Topic on Help talk:Extension:Linter/Flow
There has been no change to how it is done. It is based on estimates provided by mysql.
But how is this estimate computed? I looks like the removal of errors has no or only a very slow effect on the estimate. If it is meant to encourage that errors are removed, this seems counterproductive. And even as a tool is has become useless: I have to look at the subpage to find out whether there are any new errors.
The estimation code is pretty wacky, see https://www.percona.com/blog/2011/10/13/when-explain-estimates-can-go-wrong/ and https://stackoverflow.com/questions/1037471/why-the-rows-returns-by-explain-is-not-equal-to-count, https://phabricator.wikimedia.org/rMW6261b4187a91099f4f2fd900562506cf2b3df984 . The hard part is probably fixing the estimate.
The stackoverflow link suggests that using analyse instead of explain will yield better results (at least with mariadb they seem to output different results).

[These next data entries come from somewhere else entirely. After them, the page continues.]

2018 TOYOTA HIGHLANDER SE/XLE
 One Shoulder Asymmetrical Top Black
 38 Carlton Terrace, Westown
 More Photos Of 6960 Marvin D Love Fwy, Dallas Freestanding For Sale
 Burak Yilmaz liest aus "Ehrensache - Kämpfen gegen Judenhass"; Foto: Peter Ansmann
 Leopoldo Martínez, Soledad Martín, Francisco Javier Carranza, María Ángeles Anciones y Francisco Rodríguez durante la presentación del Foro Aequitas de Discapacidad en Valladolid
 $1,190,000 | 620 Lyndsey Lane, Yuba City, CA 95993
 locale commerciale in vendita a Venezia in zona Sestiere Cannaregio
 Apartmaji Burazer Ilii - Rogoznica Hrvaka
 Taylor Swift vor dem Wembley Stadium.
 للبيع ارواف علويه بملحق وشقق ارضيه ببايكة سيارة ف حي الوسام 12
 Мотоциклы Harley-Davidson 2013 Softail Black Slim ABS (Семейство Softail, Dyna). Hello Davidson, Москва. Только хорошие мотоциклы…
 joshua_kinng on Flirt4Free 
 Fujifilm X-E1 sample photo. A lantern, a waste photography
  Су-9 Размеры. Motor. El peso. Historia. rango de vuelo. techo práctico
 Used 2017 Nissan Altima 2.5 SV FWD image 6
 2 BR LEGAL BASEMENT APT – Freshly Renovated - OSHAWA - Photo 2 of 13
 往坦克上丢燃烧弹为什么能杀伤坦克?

Anyway, the alternative is pretty simple, whenever the number of rows returned by the estimate are less than 5000, simply run the full sql query, or instead of getting the estimate, just re-run the query clientside using javascript api once the special page loads.
https://nl.wiktionary.org/wiki/Speciaal:LintErrors/missing-end-tag currently estimates 26, and lists 12. I don't know what the numbers were when Marco looked at it yesterday.
If I remember correctly: estimate 23, listed 10 (8 of which are more or less permanent, the other 2 were resolved. Now we have 4 new errors on new pages, bringing the total back to 12. But the actual number remains most of the time close to 8. There has been a single time a few weeks ago when a single page once contained a larger number of errors, pushing the total over 20 for just one day. Somehow I get the feeling that the estimate keeps using this single instance as a basis.
The new errors were corrected this afternoon (local time 13:30), so the actual number became 8 again. At the moment (local time: 19:45) the total is back to 23.
All this is just the behavior of the database estimation tool.
As the anon user above indicated, the solution for this is for us to update the code to do an actual count when the # of results is estimated to be under some threshold that has acceptable performance from the DBA point of view.
Is there anything I can do to help bring this about?
It requires development to be done on the Linter codebase. We are currently heads down on the high-priority work of porting Parsoid to PHP and we are unable to pick up linting improvements till we are past that milestone.
But, if you are a developer or know someone who wants to work on linter improvements before then, I could probably squeeze in time to help with code review and guiding the work.